(Exercise details):
Given the entries below, would you transcribe exactly the lines starting at the one with "Bezsáčkový akumulátorový vysavač" and ending at the one with "Bundesgerichtshof in Karlsruhe", both kept, pictures omitted, nothing extra?

(Dataset excerpts):
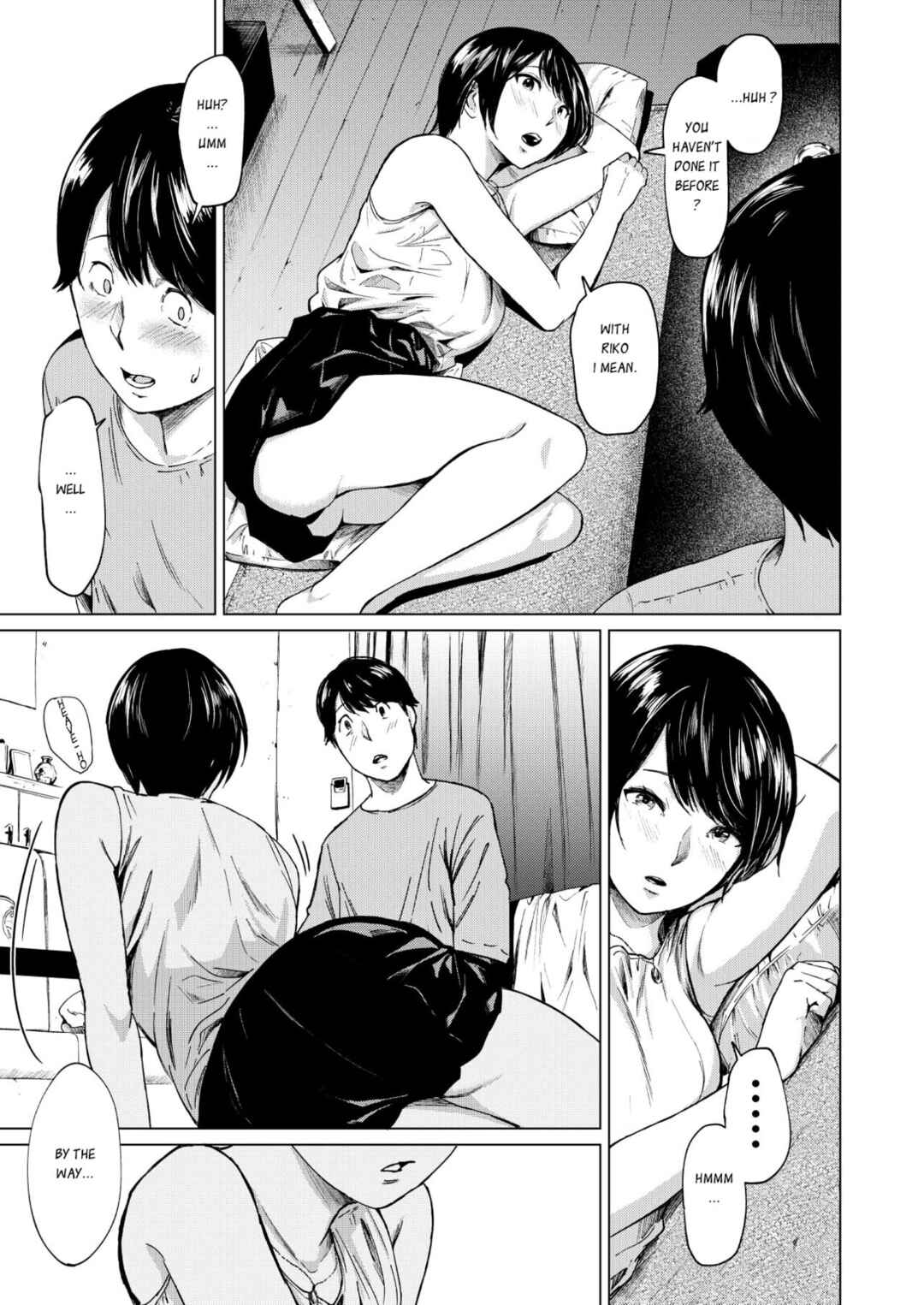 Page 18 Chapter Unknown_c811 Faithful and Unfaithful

---

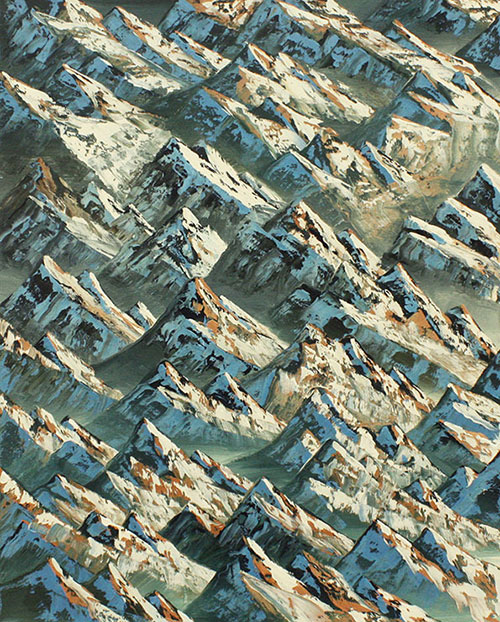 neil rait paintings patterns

==

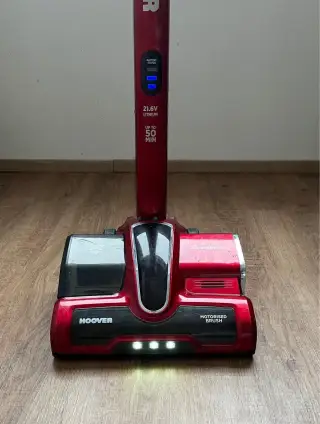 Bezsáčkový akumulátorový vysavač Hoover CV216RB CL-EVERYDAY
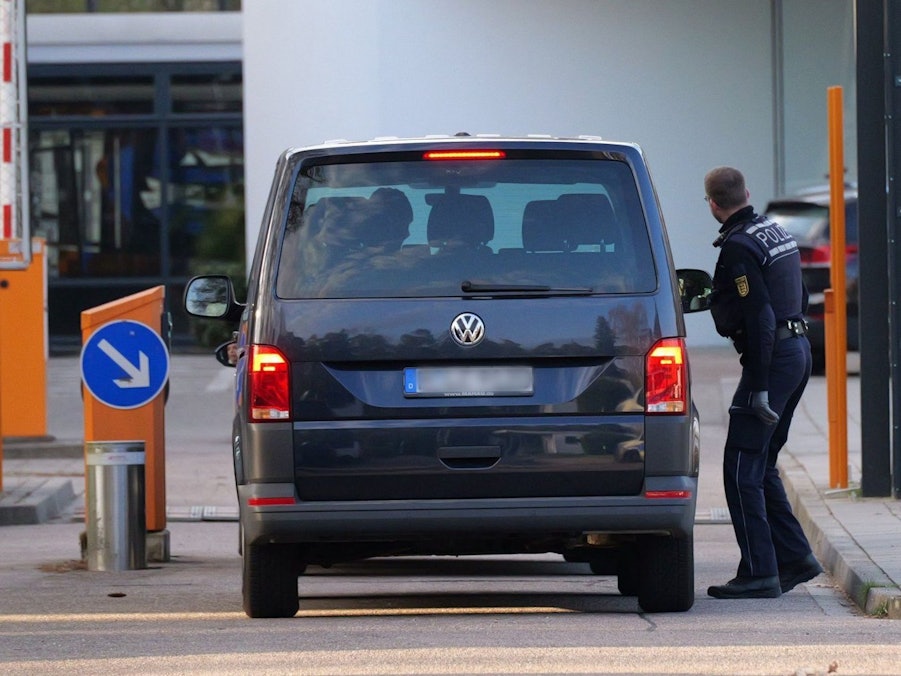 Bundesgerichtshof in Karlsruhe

(Exercise solution):
 Bezsáčkový akumulátorový vysavač Hoover CV216RB CL-EVERYDAY
 Bundesgerichtshof in Karlsruhe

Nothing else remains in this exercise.